PROVIDED MATERIAL:
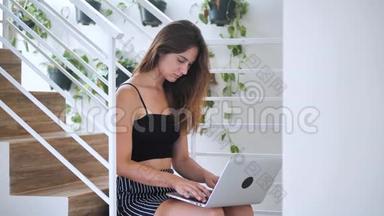 有魅力的漂亮女士集中精力在笔记本上，她坐在商务大楼4k的<strong>楼梯</strong>上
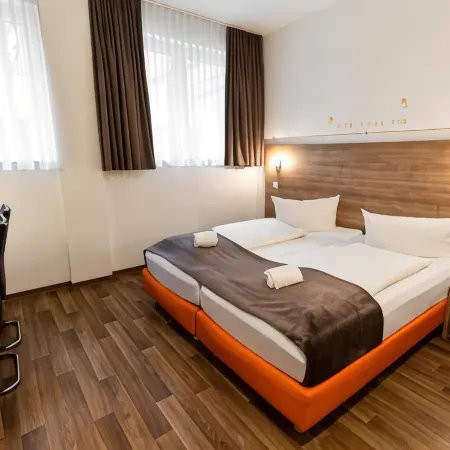 Orange Hotel und Apartments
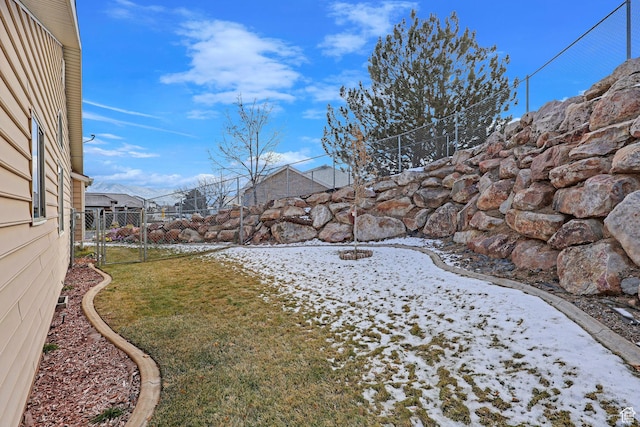 view of yard covered in snow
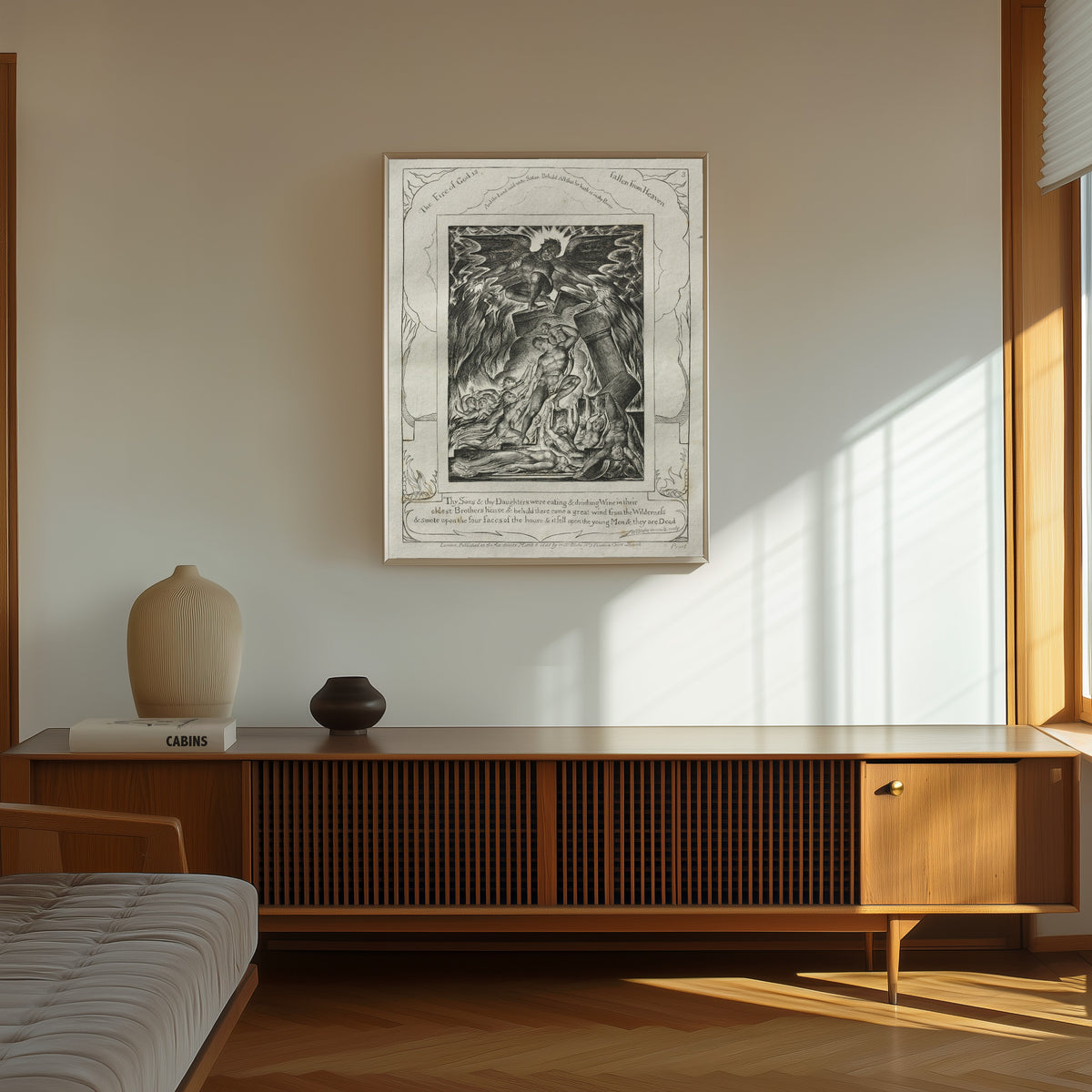 Framed art print of The Destruction of Job's Sons (Book of Job, Plate 3) by William Blake, in a thin light frame on a sunlit wall above a wooden sideboard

ASSIGNMENT: Transcribe the listing exactly; skip the pictures.

RESPONSE AREA:
 有魅力的漂亮女士集中精力在笔记本上，她坐在商务大楼4k的<strong>楼梯</strong>上
 Orange Hotel und Apartments
 view of yard covered in snow
 Framed art print of The Destruction of Job's Sons (Book of Job, Plate 3) by William Blake, in a thin light frame on a sunlit wall above a wooden sideboard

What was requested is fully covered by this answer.